## What you should do
Only the lines from the one holding "Enrique Iglesias y Kylie Minogue juntos" through the end of the records below are to be reproduced exactly, and pictures are to be omitted.

★ ★ ★

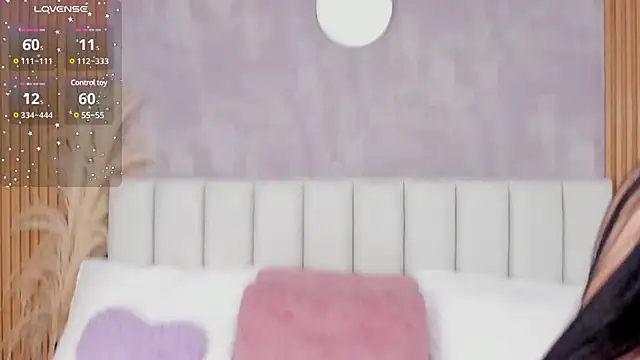 Snapshot of Skcarlet_beckett chatting on December 18, 1:02 pm Skcarlet beckett online show from December 18, 1:02 pm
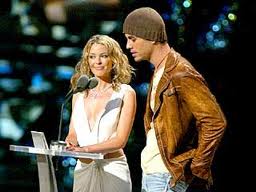 Enrique Iglesias y Kylie Minogue juntos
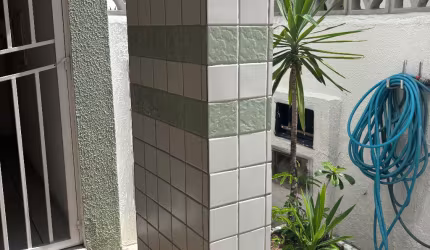 Apartamento na Praça do Caju para locação.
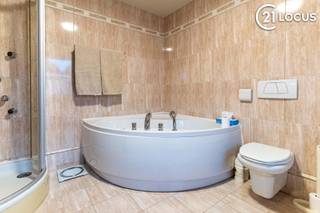 Instapklare en energiezuinige gezinswoning met multifunctionele ruimte in BeverenDeze goed onderhouden woning uit 2001 combineert ruimte, comfort en...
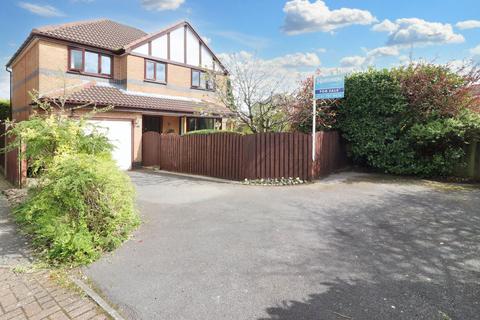 Starbeck Close, Bury BL8 4 bed detached house for sale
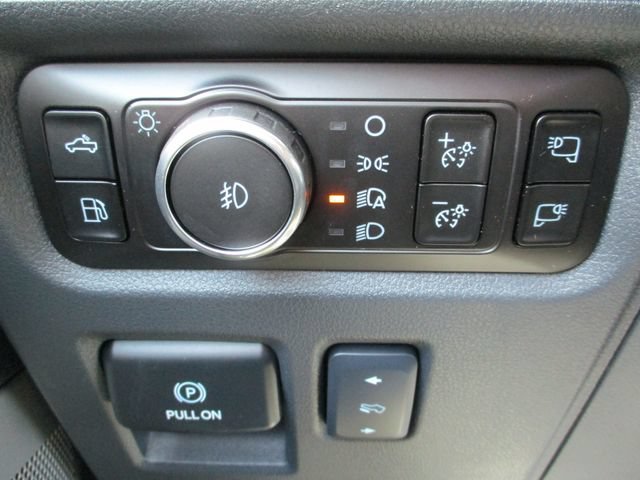 Used 2025 Ford F150 Lariat w/ Equipment Group 502A High AWD/4WD image 12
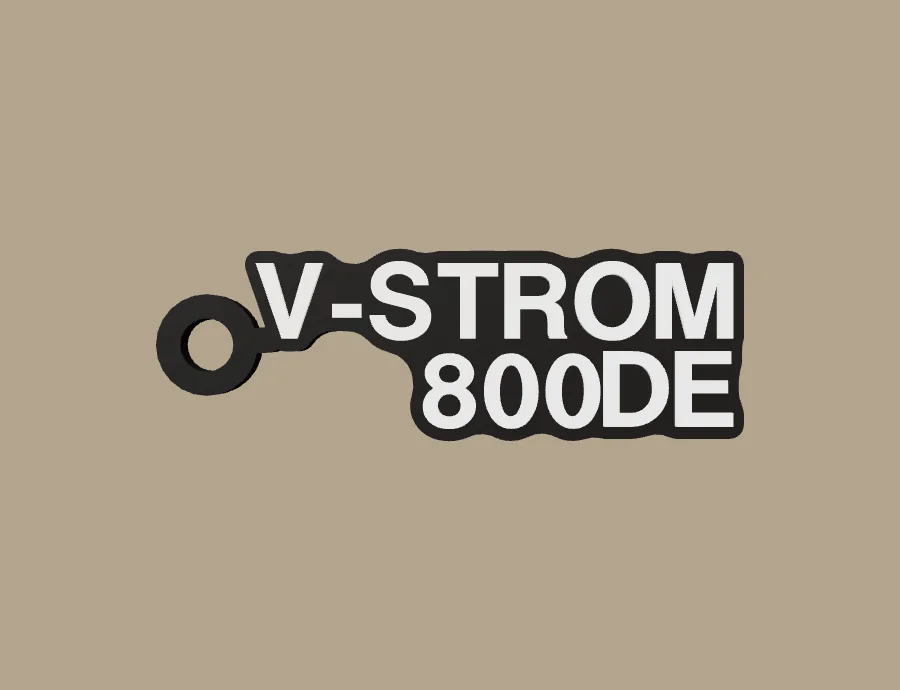Llavero Suzuki V-STROM 800DE, base negra y texto blanco, vista frontal del modelo 3D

★ ★ ★

## Completed task
 Enrique Iglesias y Kylie Minogue juntos
 Apartamento na Praça do Caju para locação.
 Instapklare en energiezuinige gezinswoning met multifunctionele ruimte in BeverenDeze goed onderhouden woning uit 2001 combineert ruimte, comfort en...
 Starbeck Close, Bury BL8 4 bed detached house for sale
 Used 2025 Ford F150 Lariat w/ Equipment Group 502A High AWD/4WD image 12
Llavero Suzuki V-STROM 800DE, base negra y texto blanco, vista frontal del modelo 3D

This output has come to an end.